Material for this exercise ::
________________________________________
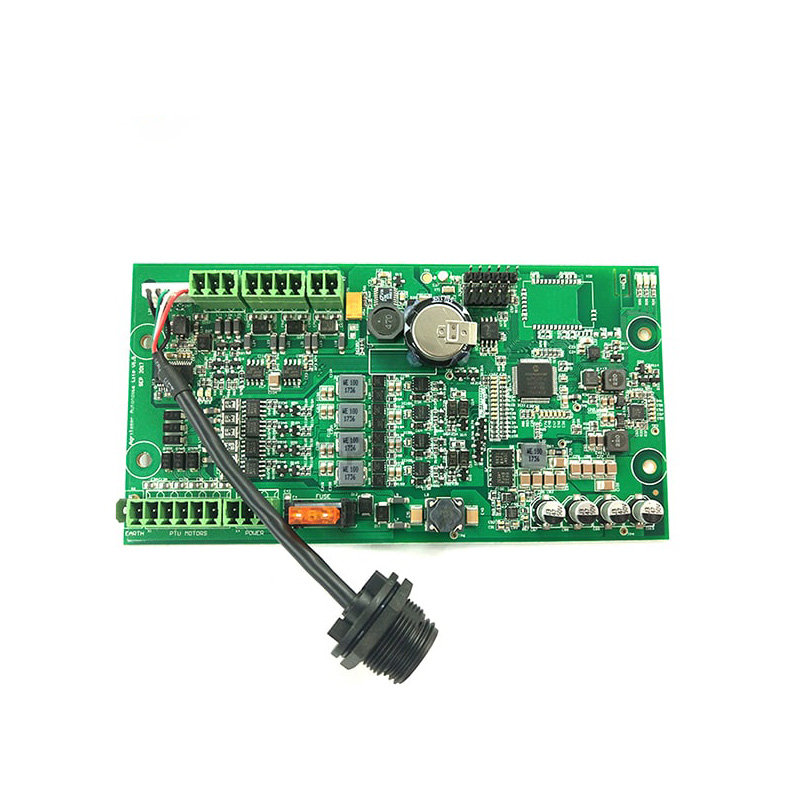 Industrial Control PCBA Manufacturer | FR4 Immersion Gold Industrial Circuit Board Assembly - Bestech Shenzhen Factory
________________________________________
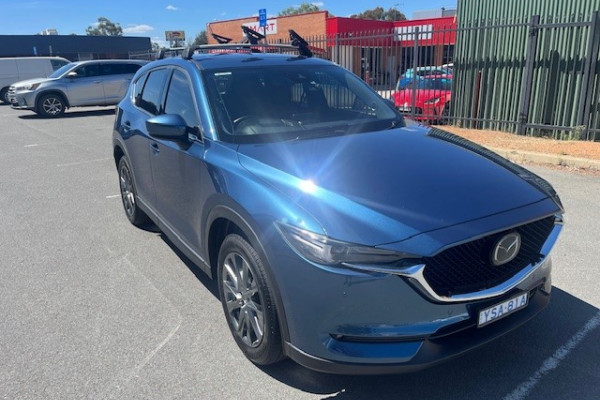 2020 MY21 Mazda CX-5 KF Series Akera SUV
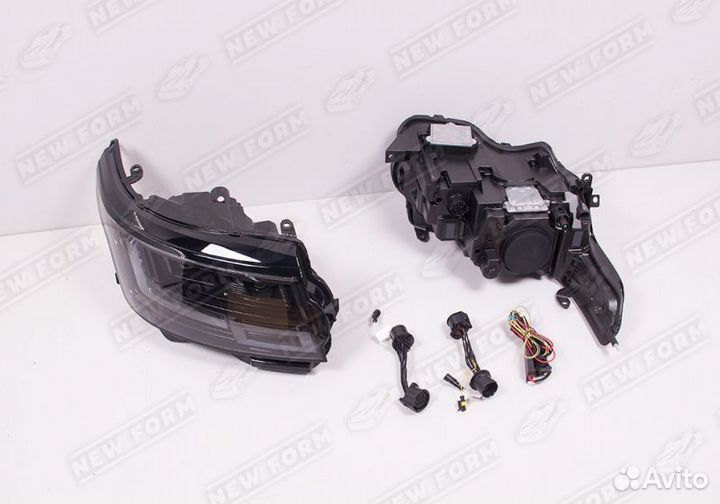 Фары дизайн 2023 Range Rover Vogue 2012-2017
________________________________________
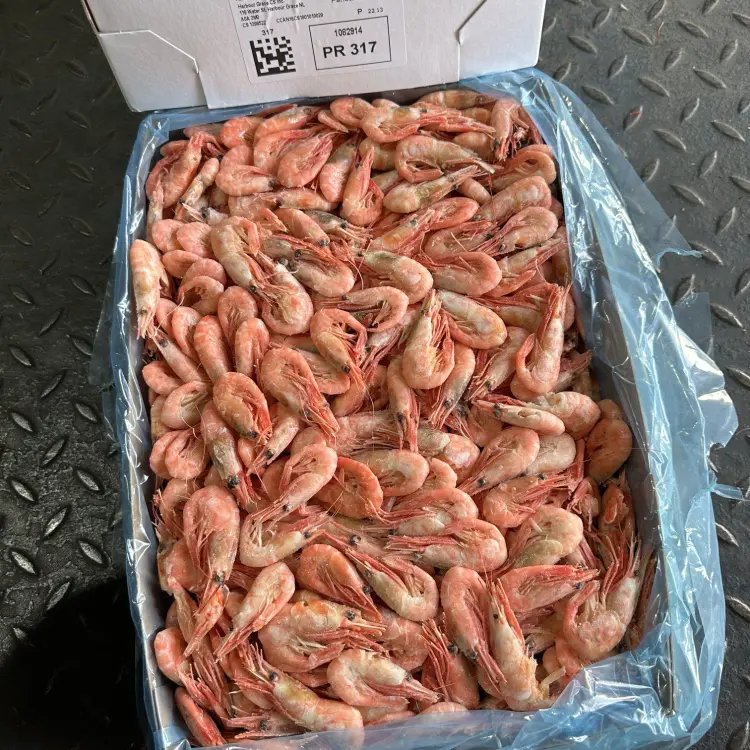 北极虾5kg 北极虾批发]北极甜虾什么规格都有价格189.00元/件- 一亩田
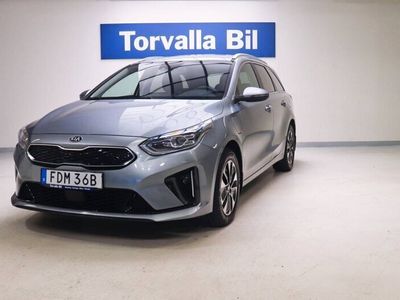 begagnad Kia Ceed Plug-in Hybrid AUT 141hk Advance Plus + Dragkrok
________________________________________
Exercise instructions ::
Range to copy from the listing above: the line containing "2020 MY21 Mazda CX-5 KF Series Akera SUV" down to the line containing "Фары дизайн 2023 Range Rover Vogue 2012-2017", both included. Reproduce it exactly, minus the pictures, and add nothing.

Answer section ::
 2020 MY21 Mazda CX-5 KF Series Akera SUV
 Фары дизайн 2023 Range Rover Vogue 2012-2017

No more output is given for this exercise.